Guiding Questions – Instruction
Instructional Considerations / In-class activities
1. On a recent 60 Minutes show, author David McCullough expressed alarm about the lack of history education that today’s students are receiving. How can instructors make history and specifically mission history even more relevant to today’s learners?
2. What are some innovative techniques to help students participate in a “close reading” of a primary source text related to the California missions?
3. How can we employ the use of visual thinking skills/strategies to learn more about the perspectives and lives of native populations who may have left few written records of the mission period?

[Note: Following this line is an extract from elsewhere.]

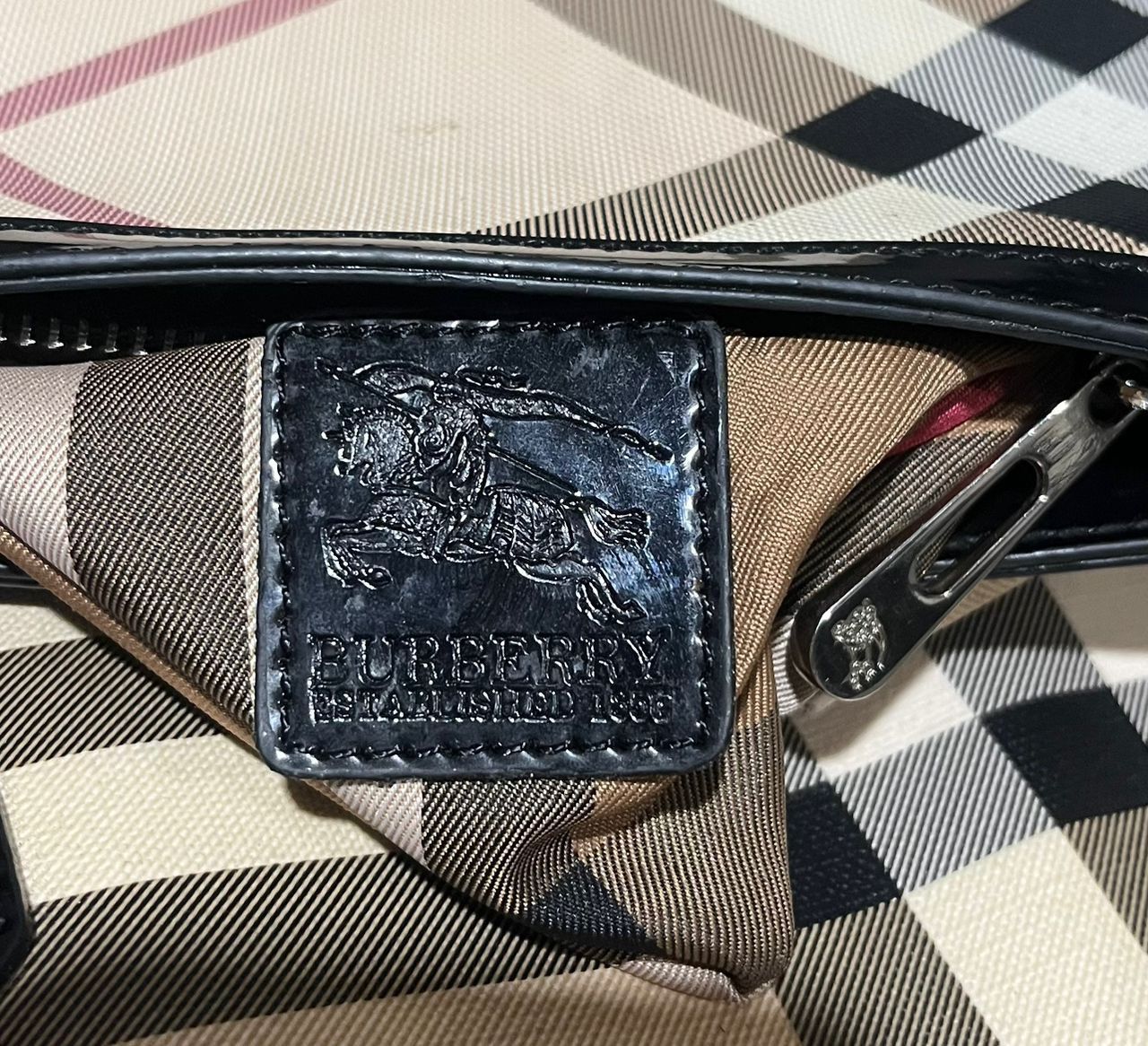 Burberry Authentic Burberry Nova Check Tote Bag Size ONE SIZE - 20 Thumbnail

4. I remember making a model of a Mission when I was a fourth grader, and I see that it is still done today. Are there any other more contemporary, hands-on activities that would provide the same feelings of accomplishment as constructing a Mission?
5. How could one design an experiential exercise that would accurately reflect the dynamics of the California missions?
6. As educators, how do we put into context the role of the California Missions to that of the Native American experience in an American Literature course?
7. How might I incorporate the study of the California missions into my Spanish classes?
8. Does anyone have any ideas as to how I could create a project, lesson plan or assignment that would incorporate both the Spanish language and the study of the California missions?
9. I teach Spanish 1 in Middle School so my students wouldn’t yet have the language background to translate more complex primary documents, so what might I use as an alternative exercise in this instance?
10. I thoroughly enjoyed Dr. Beebe’s presentation on primary sources, and I think my students would really like her idea of translating ship inventories and interpreting pictures. In addition to pictures and ship inventories, does anyone have any extra ideas that would incorporate language learning and historical research?
11. My students are very service oriented, and typically really enjoy volunteering and getting involved in our local community as well as in global projects. Is there any way that students at my school could promote the missions to help preserve them for future generations?
12. How might my students get actively involved in preserving the missions?
13. Is there any way that my students might connect to students in California or people who are mission scholars by Skyping, video conferencing, blogging, emailing, etc.?
14. What are some innovative techniques to help students participate in a “close reading” of a primary source text related to the California missions?
15. As educators, how do we put into context the role of the California Missions to that of the Native American experience in an American Literature course?